Dataset excerpts:
******
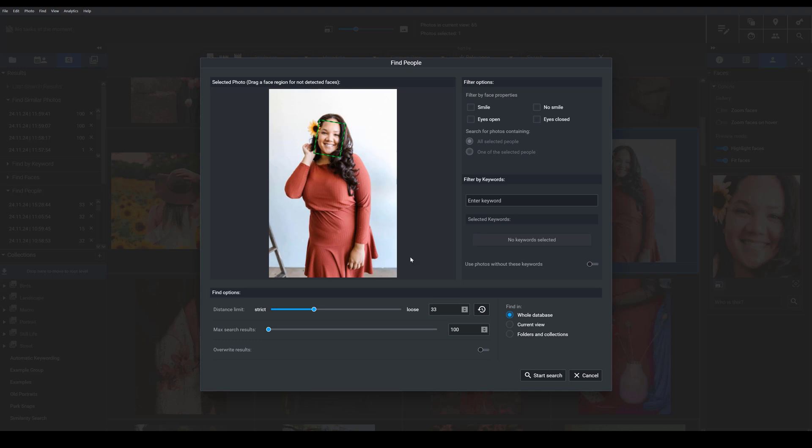Now, you can even specify a distance limit here. So you can tell Exire whether you want the program to look for faces that are exactly like the one in the reference image by moving the slider in this direction, or whether you want the program to be broader in its search. So then you would choose a loose distance limit. I'm just going to go back and reset this.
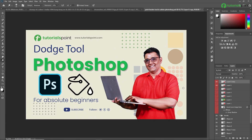That's all about the dodge tool in Adobe Photoshop. This tool is a very powerful tool to add amazing light effects and details to your images. Thank you so much guys — if you like this video, don't forget to subscribe to our channel and press the bell icon for notifications. See you next time. Thank you.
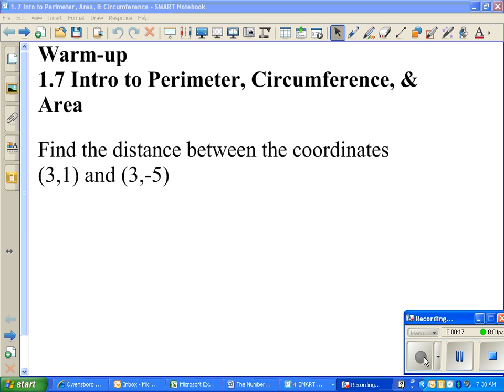I want you to write out: find the distance between the coordinates (3, 1) and (3, -5). And we're going to do it as a class, so it's an easy one point as long as you can keep up with your paper.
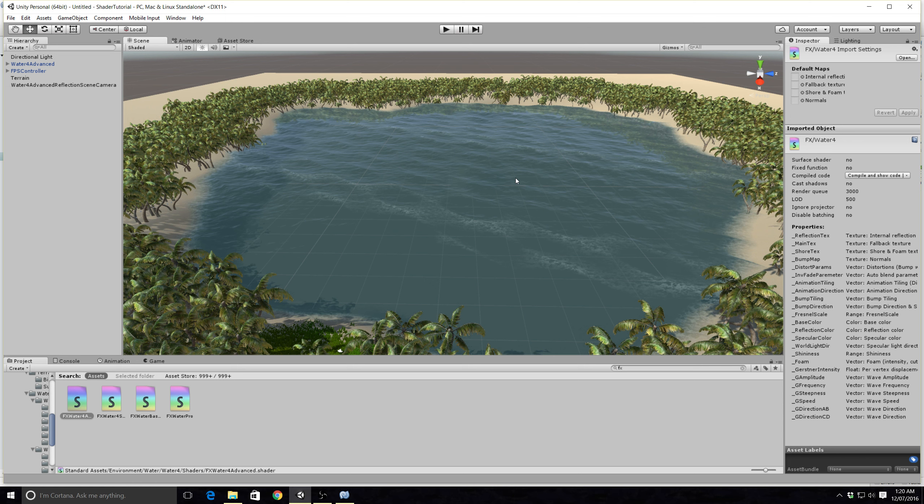So open that one up and the first one you need to change is on line 35 and this is why I copied this line from the basic water shader. Copy that line of code there to make it easy for yourself.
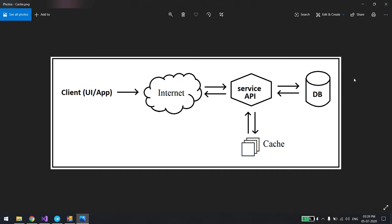If you call the same API again within the expiry time, it will return directly from the cache and not make a DB call. The third approach is to explicitly expire or invalidate the data from the cache. You make an API call, it doesn't find the data in the cache, calls the DB, caches it, and returns. The second time with the same parameter it finds the data in the cache and returns directly.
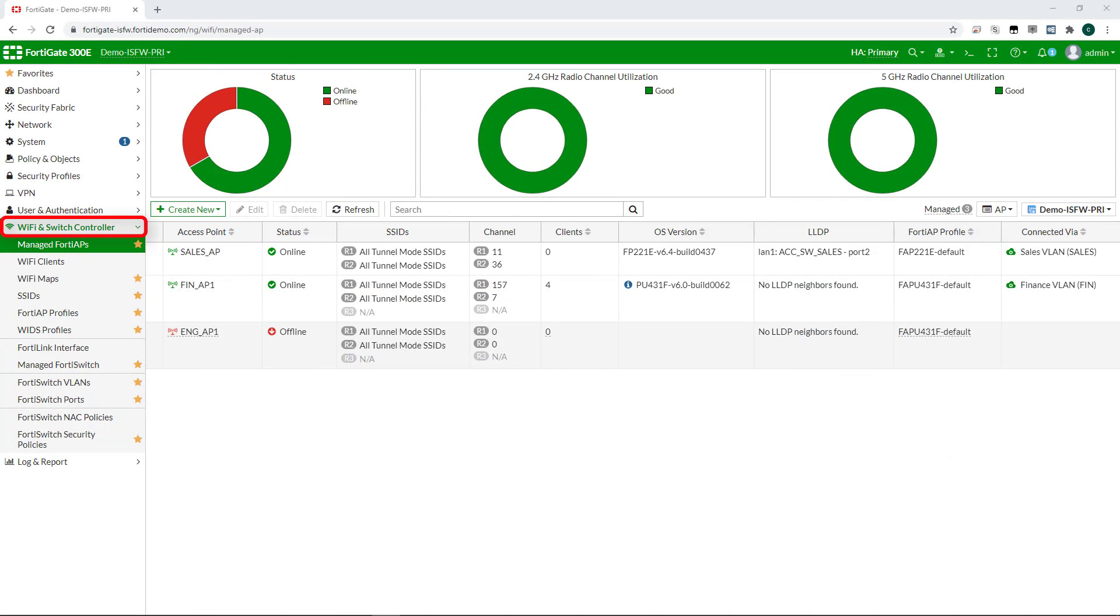We'll start by looking at the controller capabilities themselves. There are no additional licenses required to enable the wireless controller functionality on a FortiGate, so FortiGate owners can adopt and manage as many APs as their FortiGate model can support.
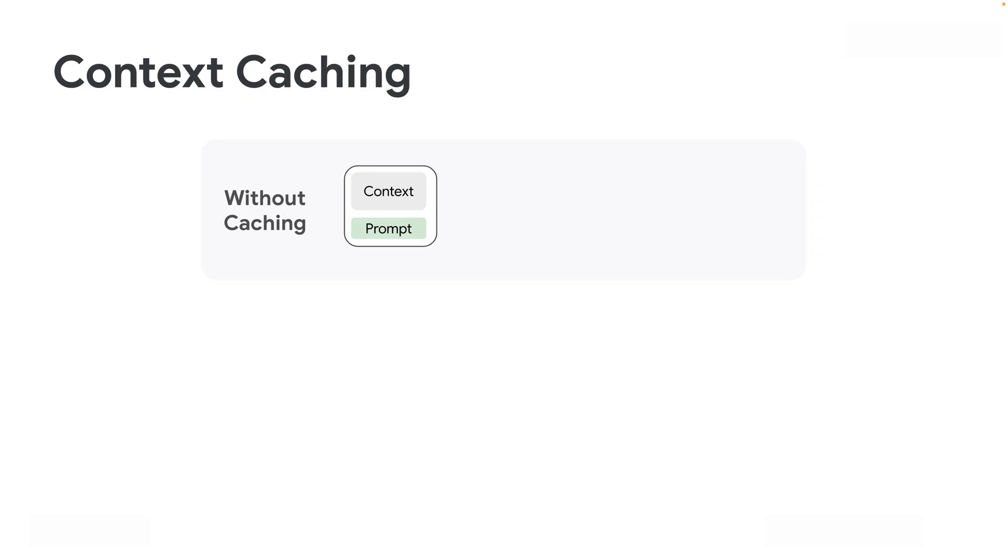Here's how it works: say you have your prompt with a very long piece of context. Without caching, you submit your entire prompt for response generation and get an output.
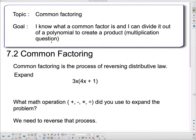Good day, 2Ps. Today we're going to talk about common factoring. Our goal is: I know what a common factor is and I can divide it out of a polynomial to create a product, which is a multiplication question.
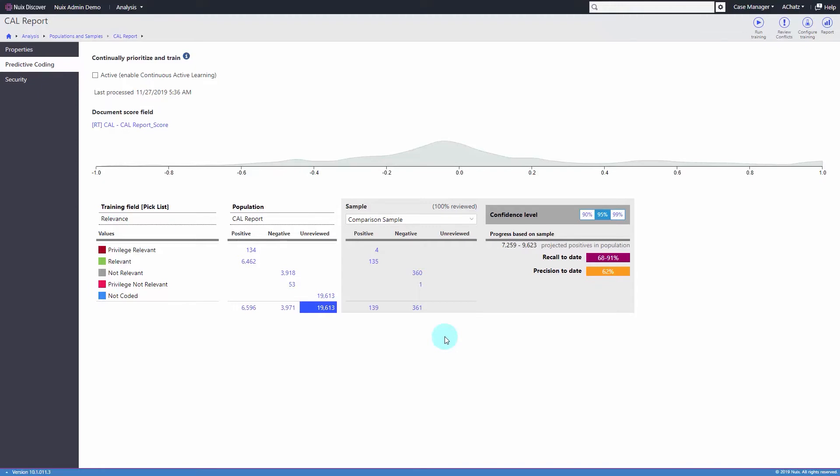NUIX Discover's continuous active learning, or CAL, is a quick and easy way to train the model throughout the review process.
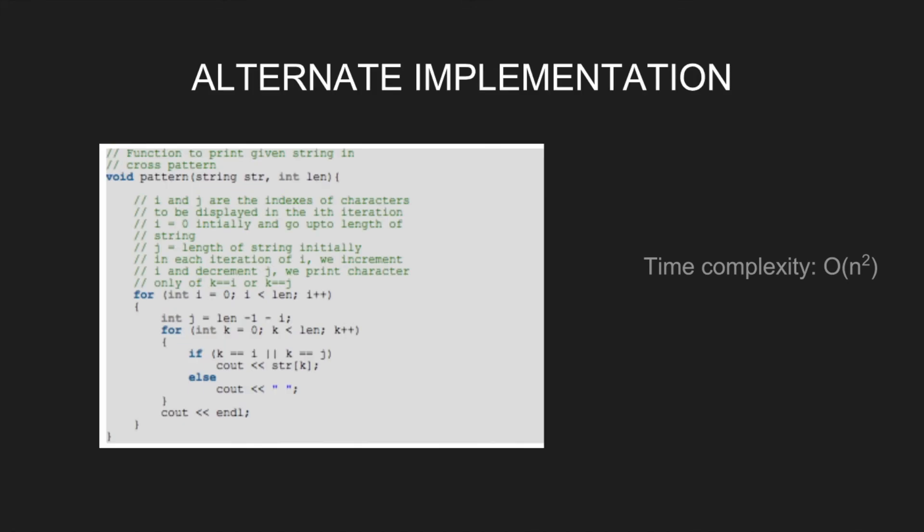i and j are the indexes of characters to be displayed in the ith iteration. i is equal to 0 initially and goes up to length of string, and j equals length of string initially. In each iteration of i, we increment i and decrement j.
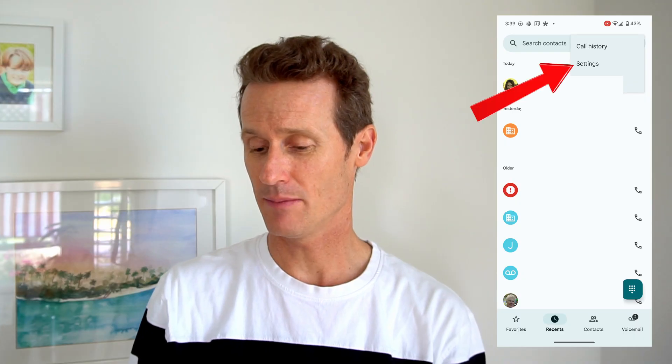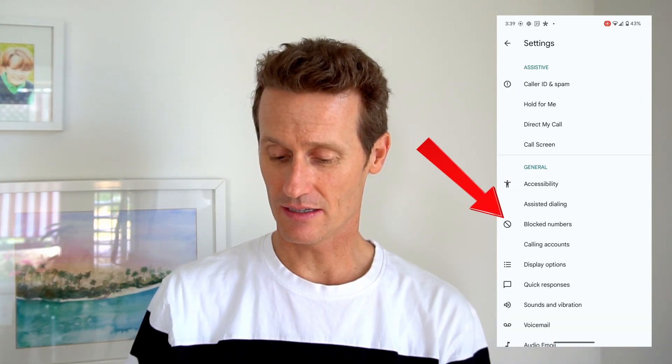If you want to make sure nobody contacts you except people specifically in your contacts list, you can use one of the third-party apps, or on a Pixel phone go to your phone app settings, click Blocked Numbers, and toggle on 'Unknown' to block calls from any unidentified callers. That adds an extra level of filtration, but third-party apps like those listed are also great at blocking unknown numbers or numbers not in your contacts.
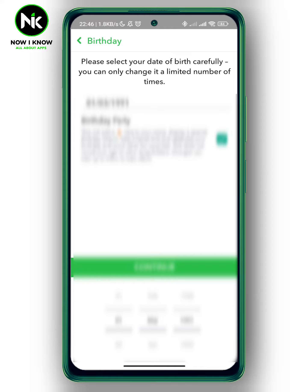So now let's say for example, when you're trying to change your birthday, it doesn't allow you to do this. Basically, the first reason it might be because you've reached the limit of how many times you can change your birthday. So Snapchat won't allow you to change it again because you've already reached the limit.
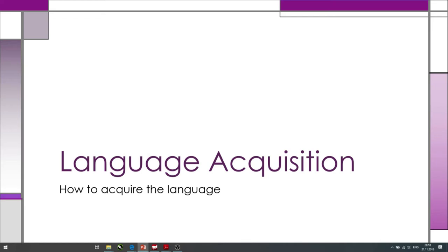Hello everyone! On the last lesson we talked about the English language, its origin, about how it was formed, how it was influenced by other languages. And now today we are going to talk about language acquisition.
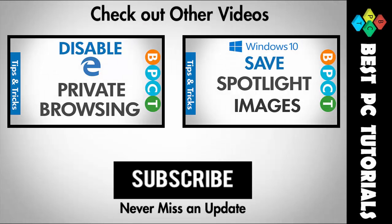Thanks for watching this video, and subscribe for more videos on Windows 10. Thank you.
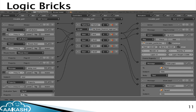Logic bricks define what kind of input you want to give — a mouse input or a keyboard input — and what kind of interactivity should happen each time that input is applied. The behavior is fully defined by the logic bricks.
******
- _TO DO_
When you copy the entries above, reproduce each line exactly and leave out any pictures.

- _OUTPUT_
Now, you can even specify a distance limit here. So you can tell Exire whether you want the program to look for faces that are exactly like the one in the reference image by moving the slider in this direction, or whether you want the program to be broader in its search. So then you would choose a loose distance limit. I'm just going to go back and reset this.
That's all about the dodge tool in Adobe Photoshop. This tool is a very powerful tool to add amazing light effects and details to your images. Thank you so much guys — if you like this video, don't forget to subscribe to our channel and press the bell icon for notifications. See you next time. Thank you.
I want you to write out: find the distance between the coordinates (3, 1) and (3, -5). And we're going to do it as a class, so it's an easy one point as long as you can keep up with your paper.
So open that one up and the first one you need to change is on line 35 and this is why I copied this line from the basic water shader. Copy that line of code there to make it easy for yourself.
If you call the same API again within the expiry time, it will return directly from the cache and not make a DB call. The third approach is to explicitly expire or invalidate the data from the cache. You make an API call, it doesn't find the data in the cache, calls the DB, caches it, and returns. The second time with the same parameter it finds the data in the cache and returns directly.
We'll start by looking at the controller capabilities themselves. There are no additional licenses required to enable the wireless controller functionality on a FortiGate, so FortiGate owners can adopt and manage as many APs as their FortiGate model can support.
Here's how it works: say you have your prompt with a very long piece of context. Without caching, you submit your entire prompt for response generation and get an output.
Good day, 2Ps. Today we're going to talk about common factoring. Our goal is: I know what a common factor is and I can divide it out of a polynomial to create a product, which is a multiplication question.
NUIX Discover's continuous active learning, or CAL, is a quick and easy way to train the model throughout the review process.
i and j are the indexes of characters to be displayed in the ith iteration. i is equal to 0 initially and goes up to length of string, and j equals length of string initially. In each iteration of i, we increment i and decrement j.
If you want to make sure nobody contacts you except people specifically in your contacts list, you can use one of the third-party apps, or on a Pixel phone go to your phone app settings, click Blocked Numbers, and toggle on 'Unknown' to block calls from any unidentified callers. That adds an extra level of filtration, but third-party apps like those listed are also great at blocking unknown numbers or numbers not in your contacts.
So now let's say for example, when you're trying to change your birthday, it doesn't allow you to do this. Basically, the first reason it might be because you've reached the limit of how many times you can change your birthday. So Snapchat won't allow you to change it again because you've already reached the limit.
Hello everyone! On the last lesson we talked about the English language, its origin, about how it was formed, how it was influenced by other languages. And now today we are going to talk about language acquisition.
Thanks for watching this video, and subscribe for more videos on Windows 10. Thank you.
Logic bricks define what kind of input you want to give — a mouse input or a keyboard input — and what kind of interactivity should happen each time that input is applied. The behavior is fully defined by the logic bricks.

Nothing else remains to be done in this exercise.